Wat is er bekend over de effecten van de ophoging van de Nationale Hypotheekgarantie?
De minister voor WWI heeft het EIB opdracht gegeven de effecten van diverse maatregelen m.b.t. de woningbouw te onderzoeken. Een van de maatregelen die onderzocht wordt, is de tijdelijke ophoging van de Nationale Hypotheekgarantie. Het onderzoek is inmiddels van start gegaan. Om de effecten van de maatregelen zo goed mogelijk te kunnen onderzoeken, is het noodzakelijk een relatief lange onderzoeksperiode in acht te nemen, mede omdat de maatregelen nog lopen. In de loop van 2011 zal de eindrapportage naar de Tweede Kamer worden gestuurd.
Is er met de banken overlegd of zij in dit kader bereid zijn om de kredietverstrekking te normaliseren? Zo ja, wat waren de resultaten van dit gesprek? Zo nee, waarom heeft u dit in het kader van het stimuleren van de woningmarkt, mede in het licht aan de steun aan de banken, nagelaten?

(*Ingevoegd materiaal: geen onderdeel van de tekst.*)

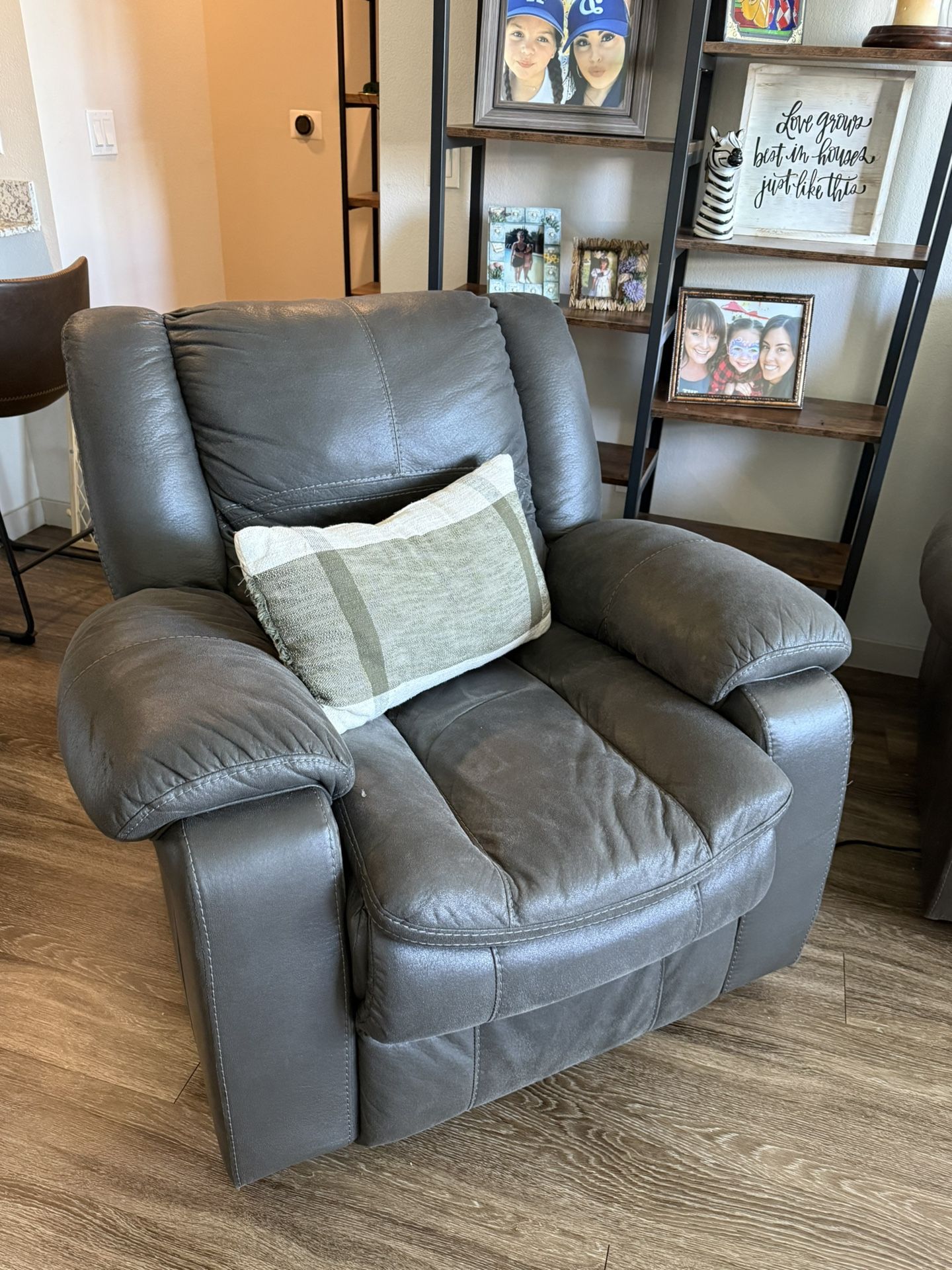 Recliner Chair And Couch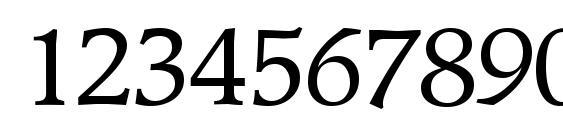 PoemPopular Regular Font, Number Fonts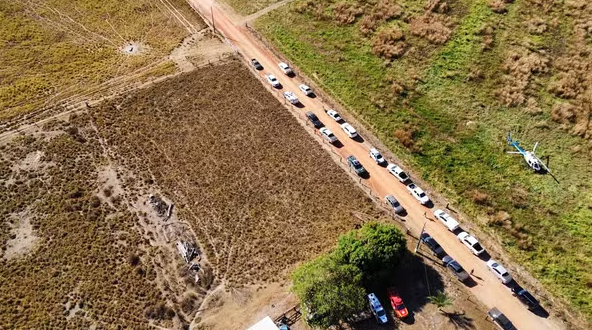 Velório foi na manhã de sábado (20) Divulgação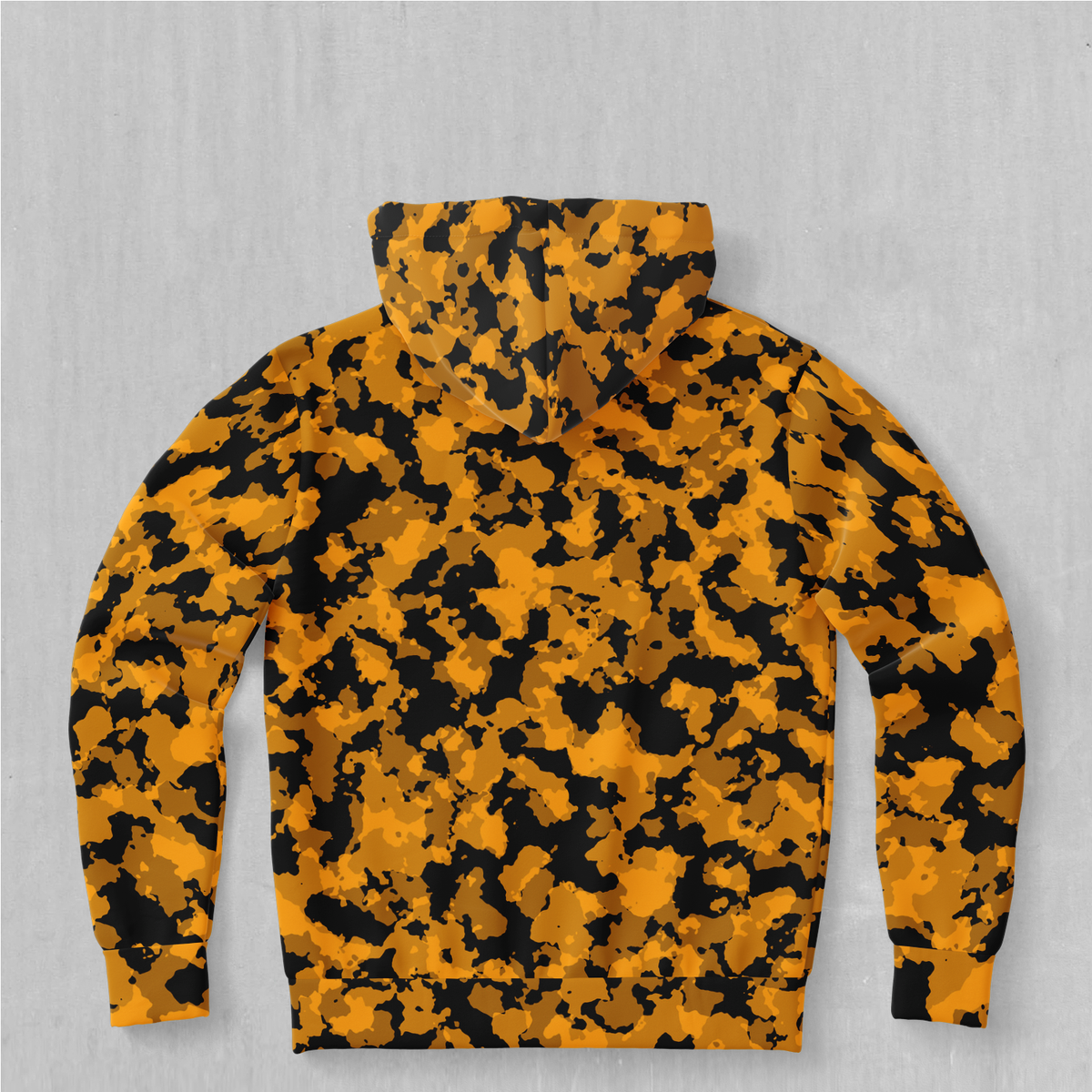 Stinger Yellow Camo Hoodie - Azimuth Clothing
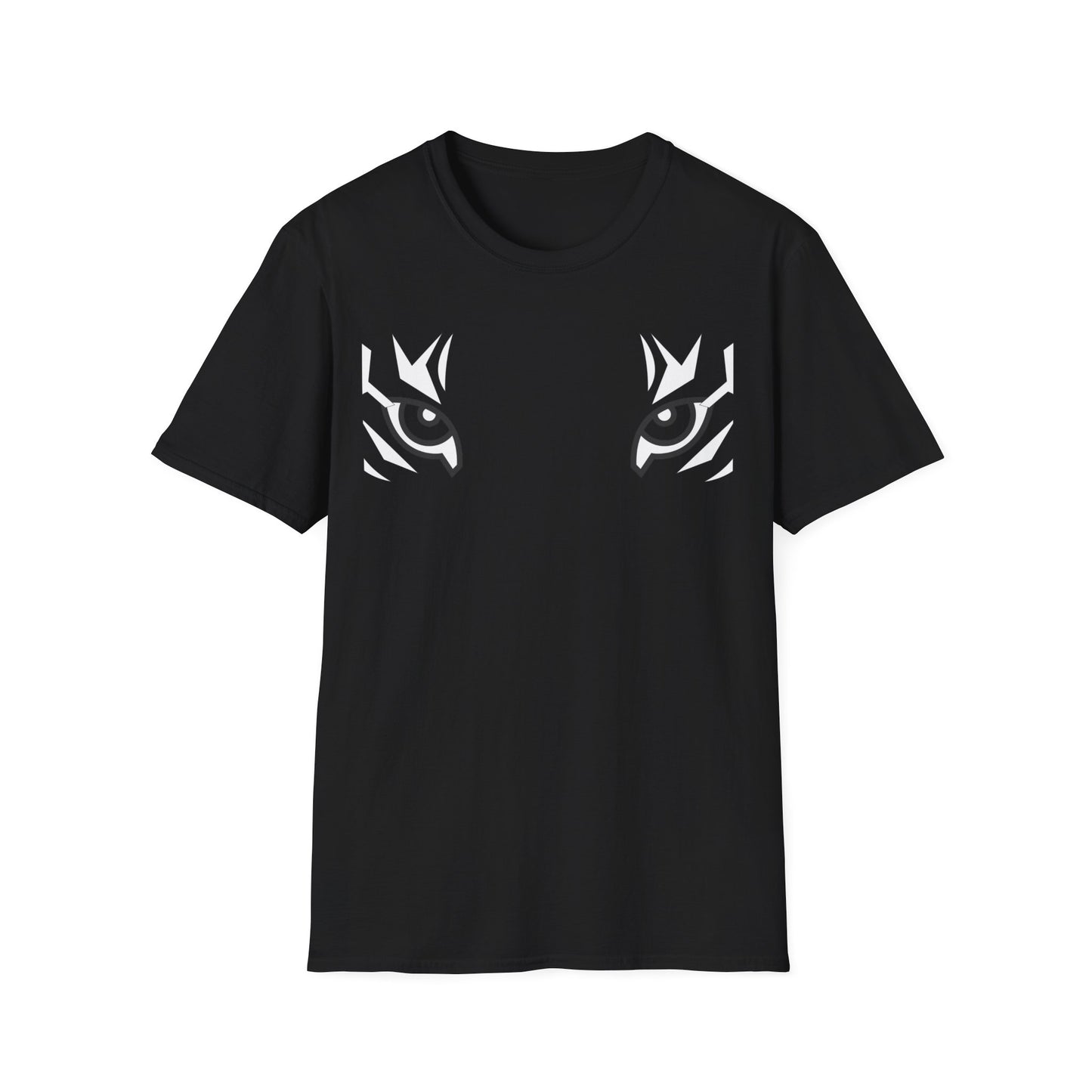 Tiger Eyes Unisex T-Shirt, Graphic Tee, Animal Lover Gift, Nature Inspired Shirt, Wildlife Graphic Top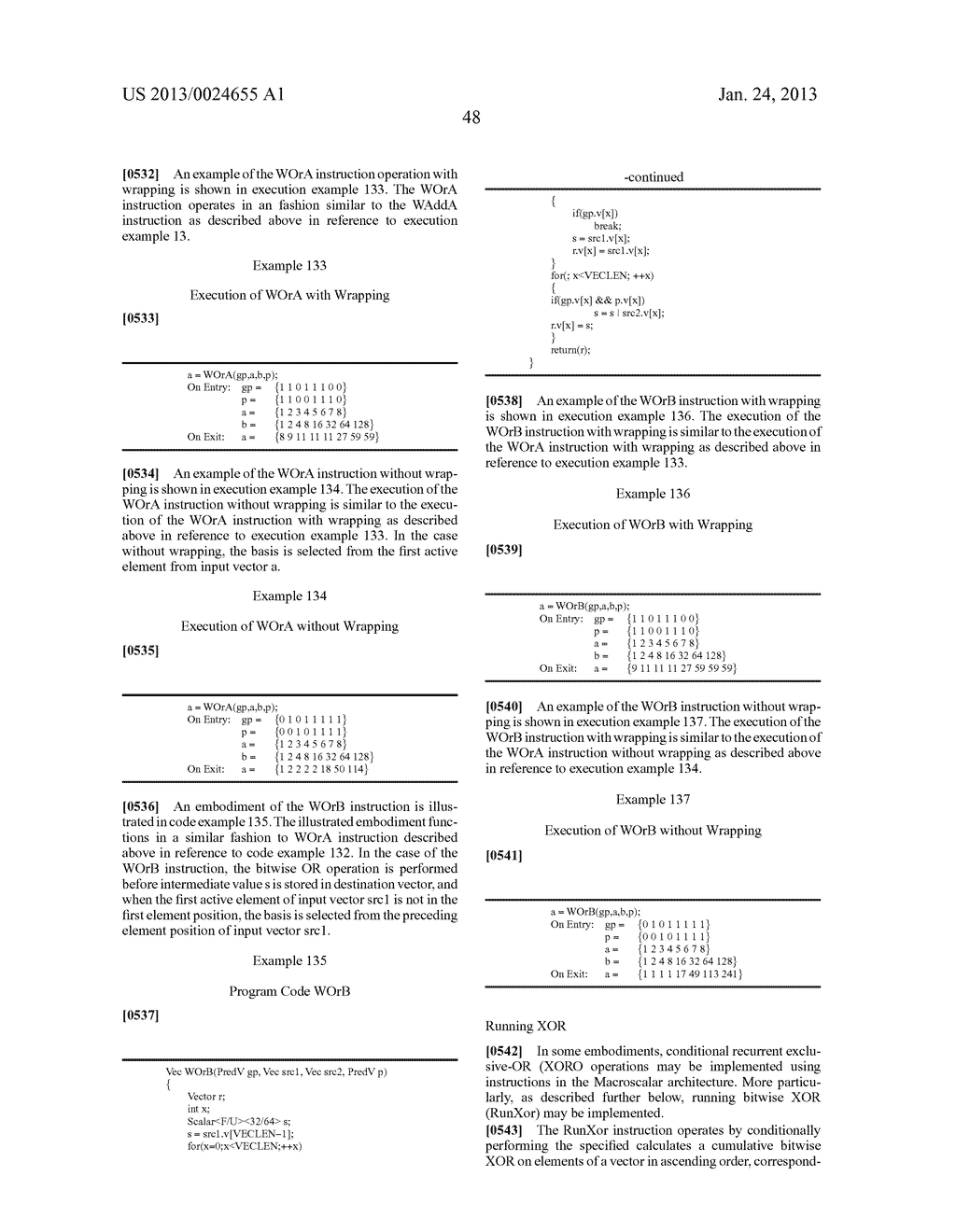 PROCESSING VECTORS USING WRAPPING INCREMENT AND DECREMENT INSTRUCTIONS IN     THE MACROSCALAR ARCHITECTURE - diagram, schematic, and image 67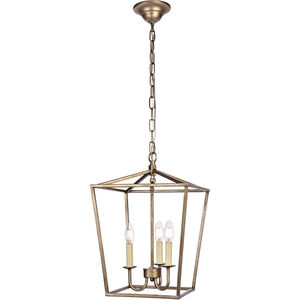 Maddox 3 Light 12.50 inch Pendant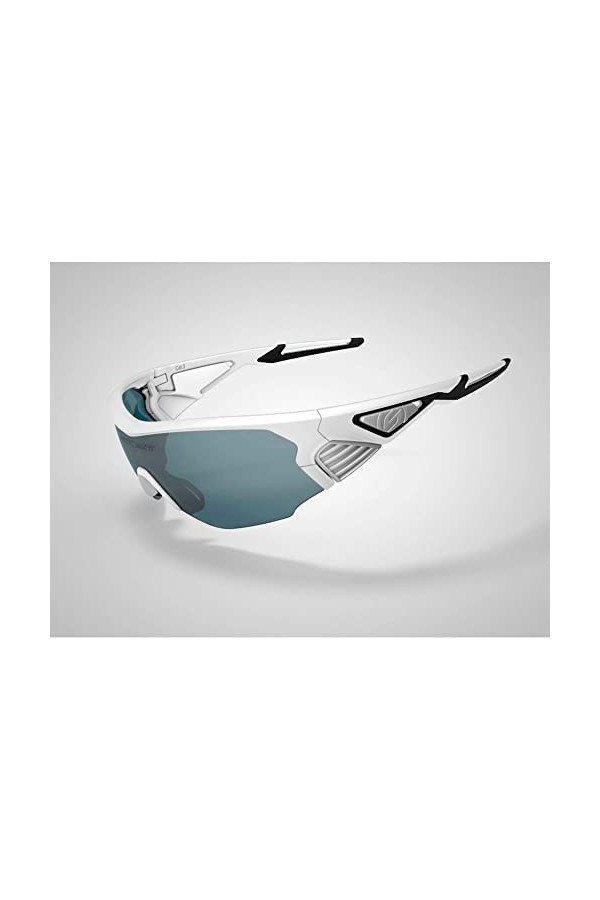 SUOMY 002310625 Lunettes de Soleil Flandre Rouge/n Unisex-Adult, Taille Unique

Met regelmaat wordt met de financiële instellingen overlegd over de kredietverlening in Nederland. Dit gebeurt bijvoorbeeld in het kader van de Taskforce Kredietverlening. Hierover wordt de Kamer regelmatig geïnformeerd. Aanvullend specifiek overleg over de hypotheekverstrekking in het kader van de tijdelijke verlenging van de ophoging van de Nationale Hypotheek Garantie (NHG) is naar inzichten van het kabinet niet nodig. Van de tijdelijke verhoogde NHG wordt veel gebruik gemaakt. Op dit moment wordt bijna 80% van de aankopen van woningen binnen de NHG-kostengrens gefinancierd met de NHG.